Извозчик был ладный, толстомордый, губастый, толстозадый, в синей поддевке с красным махрастым кушаком у бедер и с глазастым павлиньим пером на шапке. "Ну, мертвые! - крикнул он грозно и ласково выстрелил вожжами. - Я вас, каторжные!" И каторжные стронулись и полетели по воздуху. Острый ветер срывал шапку и бил в лицо. Все бежало, все гудело, все струилось и рушилось.
А на повороте все перевернулось. Николай сидел с Фенечкой тесно-тесно, и когда Фенечка вскрикнула и закрыла глаза, он больно сжал ее пальцы и притиснул к себе. И тут смешалось все - и запах медвежьего меха и острое чистое дыхание Фенечки, и неразборчивый вскрик Анны Федоровны, его шепот, небо, сугробы, ели. Весь мир вздыбился, встал белой стеной. Пахнуло снегом.
Но опять выстрельнули вожжи, и все оказалось на том же месте. Лошади стояли среди дороги, ямщик, улыбаясь, смотрел на господ, господа тяжело дышали. Николай сжимал руку Фенечки и чувствовал на лице ее дыхание. Но эту кратчайшую долю секунды, равную блеску молний, он выхватил и оставил у себя на всю жизнь.
А затем Анна Федоровна закудахтала, коренник ласково ржанул - он, очевидно, знал и уважал эти штучки, и тройка плавно и спокойно покатила к городу. Николай разжал пальцы, рука Фенечки упала. Он смотрел только на Фенечку, но вместе с тем замечал и санный путь, и красные стволы сосен, и черную шершавую кору елей. В одном месте горел костер, пламя в нем стреляло смолистыми иглами, голубыми дымками и люди теснились к огню. И вот уже версты повернули вбок, они въехали в парк, и древние дубы распахнулись им навстречу.

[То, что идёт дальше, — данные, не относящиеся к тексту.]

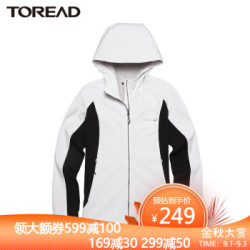 TOREAD 探路者 TAEI91199 软壳上衣 男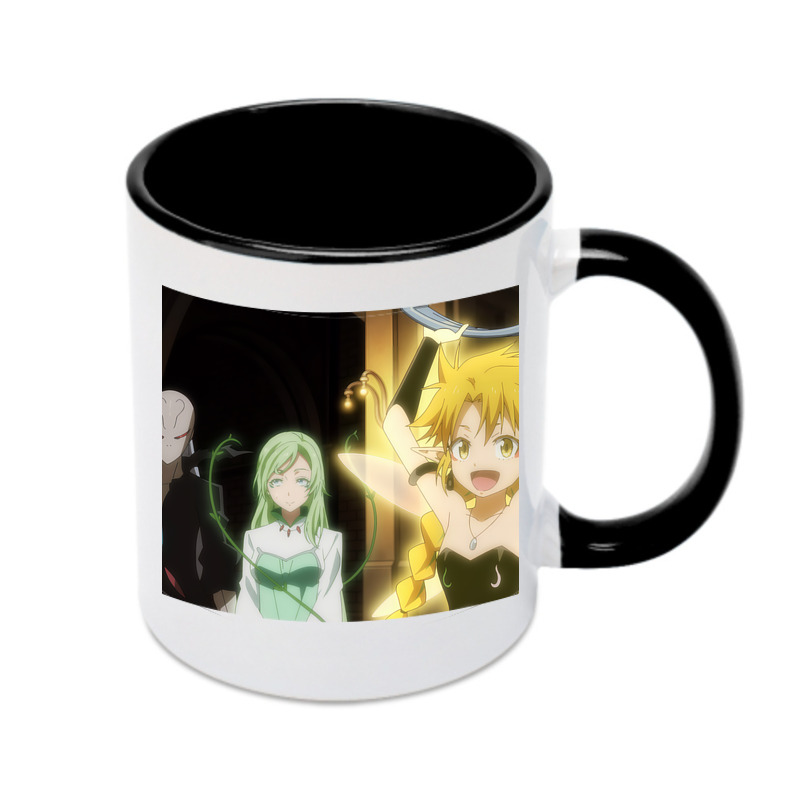 （画像用） 転スラ Regarding Reincarnated to Slime カラーマグカップ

Мимо проносились из усадьбы господские тройки - одна, другая, третья, а в них сидели веселые баре и что-то орали, смеялись, пели, размахивали бутылками и штофами. В третьей тройке он приметил толстую даму в оранжевой шляпе, обвитой ленточками и с огромным страусовым пером, и отдал ей поклон. Она ответила. Это была хозяйка усадьбы - дама строгая и напористая, но сейчас она походила на разукрашенную лошадь, но только не на эту, масленичную, живую, веселую, а на мертвую карусельную деревяшку с голубыми обводами возле глаз. Он поскорее посмотрел на Фенечку и стиснул ей руку.

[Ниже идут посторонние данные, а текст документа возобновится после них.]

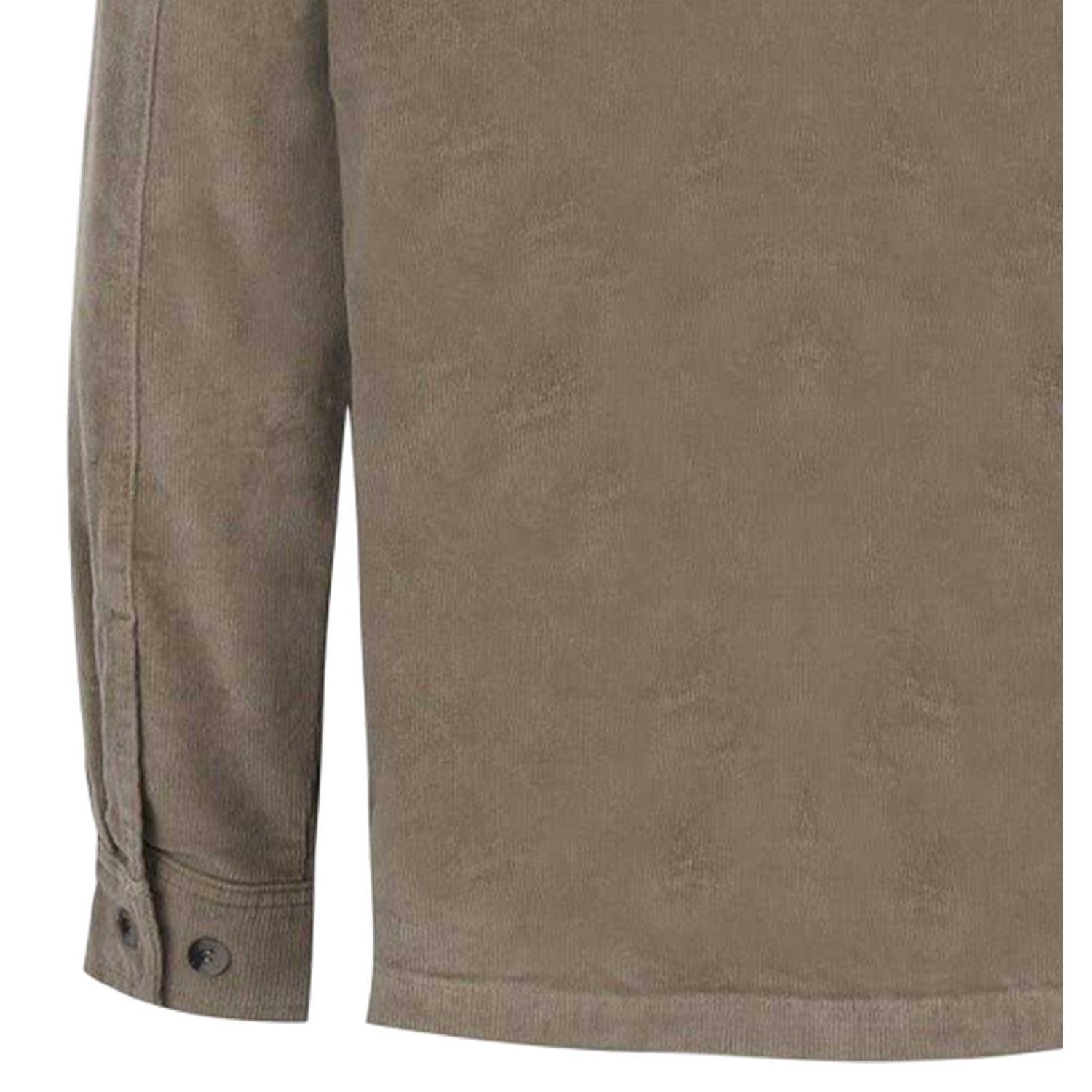 Silver Sage - Lifestyle - Jack Wills Mens Corduroy Double Pocket Long-Sleeved Shirt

И опять поворот, опять летят и ложатся в снег полосатые версты, усадьба уже позади, уже город и матушка говорит дочери: "Ну, друзья мои, все! Едем домой! Уже и гости небось собираются! Фенечка, подбери волосы, на мой платок, вытри личико!"
Вернулся домой он возбужденный, красный и пьяный, но увидел прихожую, отца в праздничной рясе, простоволосую босую Феклу и рядом с ней грязную тряпку, ведро и мокрый пол и сразу же притих.
Отец усмехнулся и сказал:
- Покатался, значит! Ну, ну! Иди оденься. Сейчас гости придут. Поедем уж, видно, завтра чуть свет, уж не> знаю, сколько мне придется там куковать. Масленица!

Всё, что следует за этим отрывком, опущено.